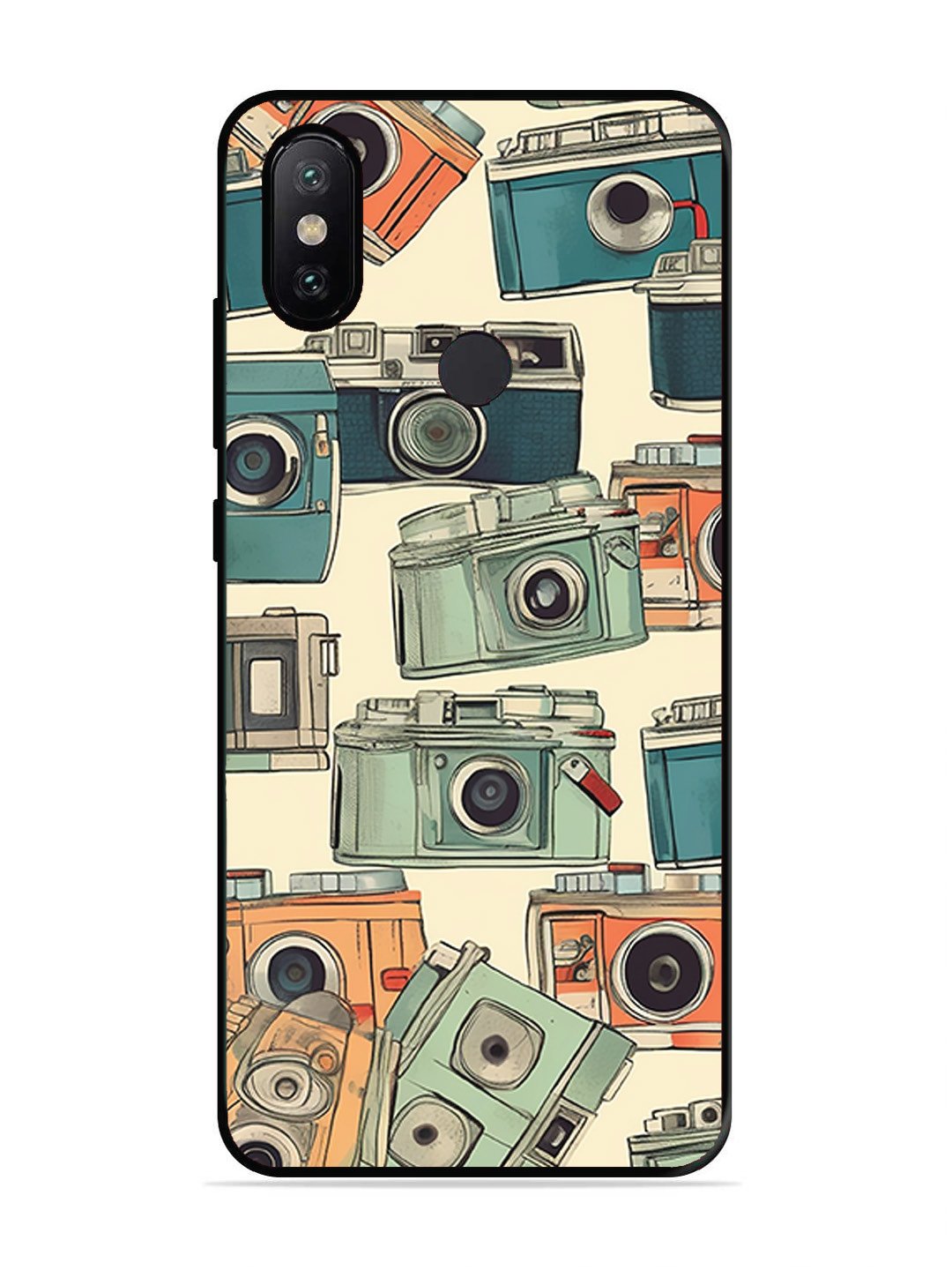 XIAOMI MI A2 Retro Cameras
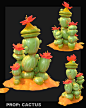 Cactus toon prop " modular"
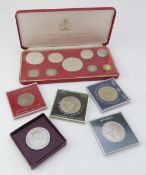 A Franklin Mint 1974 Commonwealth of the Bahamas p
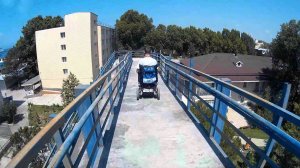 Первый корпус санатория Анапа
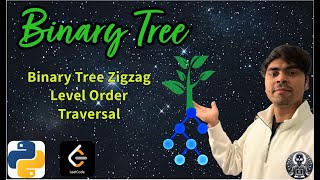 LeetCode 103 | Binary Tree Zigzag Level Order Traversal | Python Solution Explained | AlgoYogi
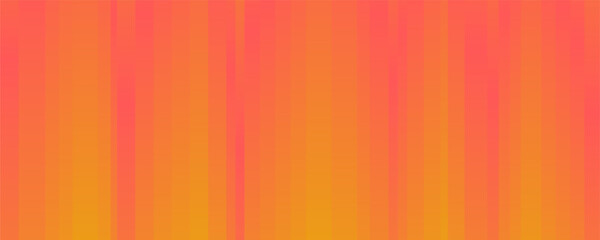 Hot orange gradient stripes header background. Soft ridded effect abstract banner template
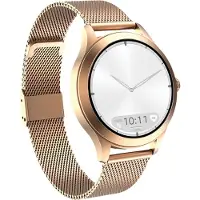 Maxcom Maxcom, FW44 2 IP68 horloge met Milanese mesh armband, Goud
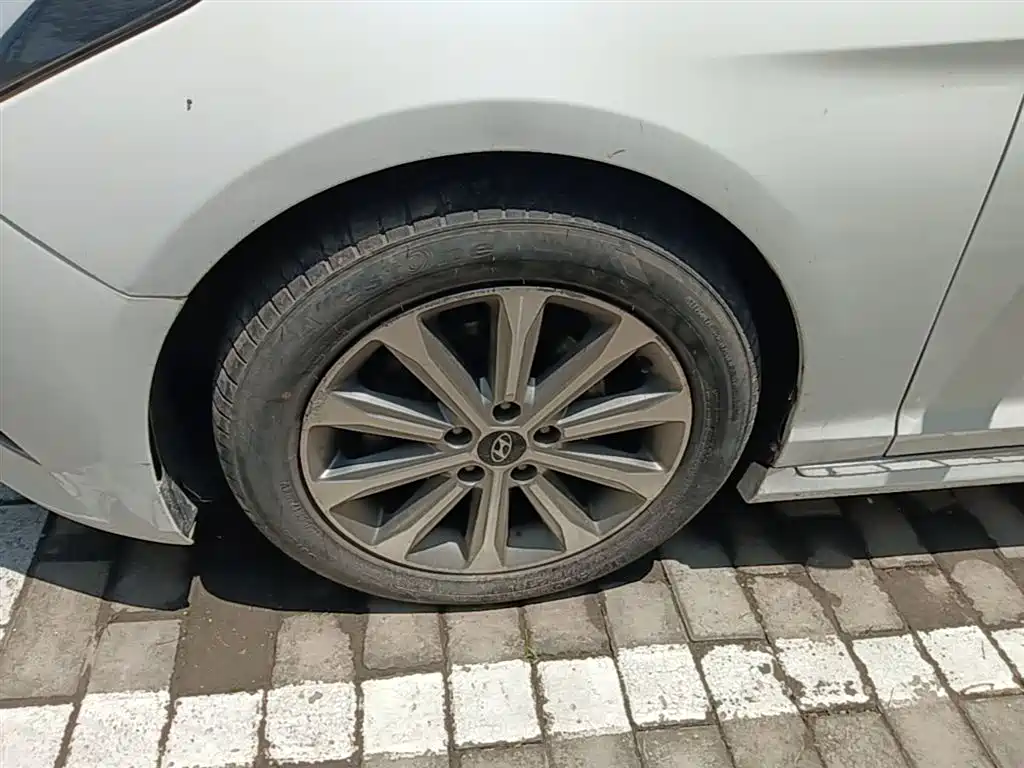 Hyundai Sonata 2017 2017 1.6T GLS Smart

— EXERCISE OBJECTIVE —
Print the material above once more, exactly, minus the pictures.

— FINISHED TASK —
 XIAOMI MI A2 Retro Cameras
 Cactus toon prop " modular"
 A Franklin Mint 1974 Commonwealth of the Bahamas p
 Первый корпус санатория Анапа
 LeetCode 103 | Binary Tree Zigzag Level Order Traversal | Python Solution Explained | AlgoYogi
 Hot orange gradient stripes header background. Soft ridded effect abstract banner template
 Maxcom Maxcom, FW44 2 IP68 horloge met Milanese mesh armband, Goud
 Hyundai Sonata 2017 2017 1.6T GLS Smart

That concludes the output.